[WHAT YOU ARE ASKED TO DO]: Lines with the string "near" are to be identified in the listing and copied.

[INPUT MATERIAL]:

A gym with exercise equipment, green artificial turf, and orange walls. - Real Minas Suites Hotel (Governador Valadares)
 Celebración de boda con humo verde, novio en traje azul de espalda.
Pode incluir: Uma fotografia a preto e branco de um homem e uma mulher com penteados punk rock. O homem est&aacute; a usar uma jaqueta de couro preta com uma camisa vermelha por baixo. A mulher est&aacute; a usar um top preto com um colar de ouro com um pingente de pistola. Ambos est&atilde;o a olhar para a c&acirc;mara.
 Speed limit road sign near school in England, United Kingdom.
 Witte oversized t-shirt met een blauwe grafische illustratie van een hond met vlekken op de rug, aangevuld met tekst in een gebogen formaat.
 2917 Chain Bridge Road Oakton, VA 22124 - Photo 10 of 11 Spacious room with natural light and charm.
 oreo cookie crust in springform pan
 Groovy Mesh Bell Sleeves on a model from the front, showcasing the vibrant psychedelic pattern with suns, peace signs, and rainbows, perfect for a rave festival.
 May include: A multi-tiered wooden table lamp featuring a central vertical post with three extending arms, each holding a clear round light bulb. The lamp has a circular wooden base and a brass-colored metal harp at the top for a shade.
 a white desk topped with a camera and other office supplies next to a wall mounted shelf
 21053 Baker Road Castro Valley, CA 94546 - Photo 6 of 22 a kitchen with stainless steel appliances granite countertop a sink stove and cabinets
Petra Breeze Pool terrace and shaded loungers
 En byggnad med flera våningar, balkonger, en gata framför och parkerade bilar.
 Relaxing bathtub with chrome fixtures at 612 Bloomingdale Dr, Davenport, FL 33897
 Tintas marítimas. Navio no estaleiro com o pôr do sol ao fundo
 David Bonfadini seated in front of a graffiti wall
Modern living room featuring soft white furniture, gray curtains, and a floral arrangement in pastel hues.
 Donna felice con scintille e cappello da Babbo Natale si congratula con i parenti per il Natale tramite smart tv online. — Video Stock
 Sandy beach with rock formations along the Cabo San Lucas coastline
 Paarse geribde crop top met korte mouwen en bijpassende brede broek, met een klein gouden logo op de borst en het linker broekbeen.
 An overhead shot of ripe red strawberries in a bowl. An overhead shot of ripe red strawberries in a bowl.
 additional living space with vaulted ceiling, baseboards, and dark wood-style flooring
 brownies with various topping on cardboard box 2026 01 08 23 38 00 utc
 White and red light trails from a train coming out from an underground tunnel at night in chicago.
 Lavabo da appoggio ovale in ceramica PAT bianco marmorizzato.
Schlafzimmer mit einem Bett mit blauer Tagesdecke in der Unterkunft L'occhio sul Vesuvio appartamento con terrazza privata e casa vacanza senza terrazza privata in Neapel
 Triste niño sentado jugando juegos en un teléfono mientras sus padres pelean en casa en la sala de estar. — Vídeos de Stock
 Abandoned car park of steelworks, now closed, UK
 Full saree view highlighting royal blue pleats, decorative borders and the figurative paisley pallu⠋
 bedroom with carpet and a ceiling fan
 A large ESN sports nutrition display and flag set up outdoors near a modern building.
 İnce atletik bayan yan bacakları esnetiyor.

[SOLVED EXERCISE]:
 Speed limit road sign near school in England, United Kingdom.
 A large ESN sports nutrition display and flag set up outdoors near a modern building.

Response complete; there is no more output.